Eusociality represents the most complex level of sociality, characterized by specific organizational traits.

• Three Major Characteristics:

  1. Individuals of more than one generation living together.

  2. Cooperative care of young.

  3. Division of individuals into non-reproductive (worker) and reproductive (queen/king) castes.

Example: Leafcutter Ants

Leafcutter ants, particularly Atta species, are among the most socially complex ant groups and exemplars of eusociality.

• Castes: Individuals in leafcutter ant colonies are divided into physically distinctive castes, each engaging in specialized behaviors within the colony. For example, smaller ants may ride on leaf fragments carried by larger workers to offer protection against aerial attacks by parasitoid flies.

• Comparison of Castes and Behaviors: Different ant species exhibit varying degrees of task specialization and caste numbers, with leafcutter ants like Atta sexdens displaying a high number of castes and behaviors per colony compared to other ant species.

Evolution of Eusociality

Two main factors are thought to contribute to the evolution of eusociality:

• Kin Selection: This plays a significant role, especially in Hymenoptera (ants, bees, wasps), due to their haplodiploid genetic system.

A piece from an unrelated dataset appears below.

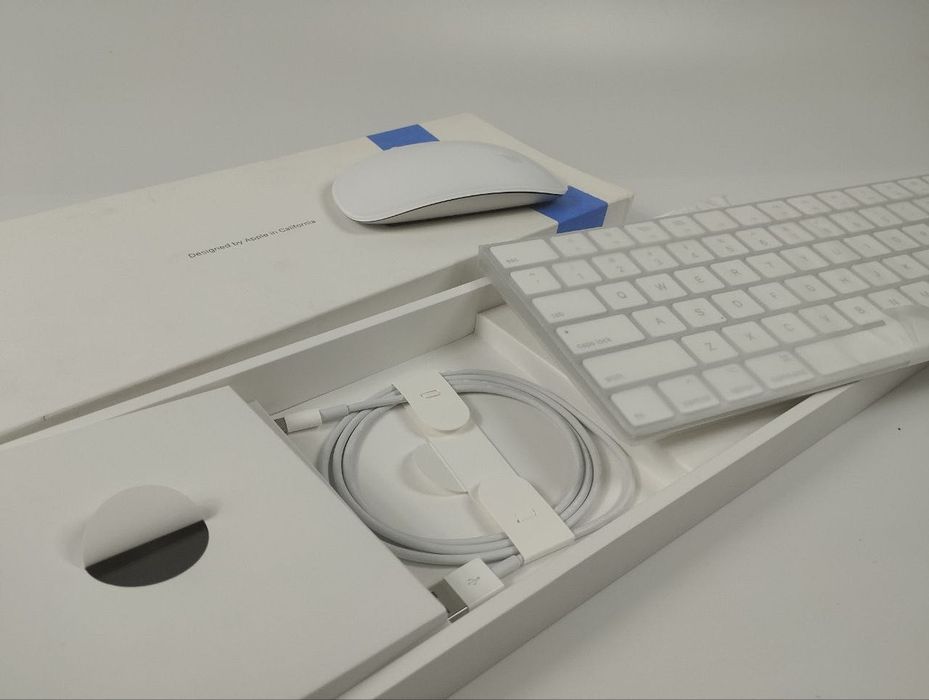 Комплект беспроводной клавиатуры и мышки Apple из США. Новое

  • Haplodiploidy: Males develop from unfertilized eggs and are haploid (possessing a single set of chromosomes), while females develop from fertilized eggs and are diploid (possessing two sets of chromosomes).

  • Consequence: Due to this system, full sisters share on average about $75\%$ of their genes (all genes from their haploid father and $50\%$ from their diploid mother), which is a higher coefficient of relatedness ($r = 0.75$) than that between a mother and her daughter ($r = 0.5$). This genetic asymmetry can make it more advantageous for female workers to help raise their sisters than to produce their own offspring, thereby favoring the evolution of sterility and complex social structures.

• Ecological Constraints: The demands of the environment may necessitate complex social behavior. For example, the extensive burrow systems required by many social insects or the specialized tasks involved in cultivating fungi (as in leafcutter ants) may demand a division of labor that encourages a more complex social structure.

Summary

Natural selection consistently favors those behaviors that enhance the inclusive fitness of individuals. The evolution of sociality, particularly eusociality, is generally marked by cooperative feeding, the collective defense of the social group, and the restriction of reproductive opportunities to a specialized caste or few individuals.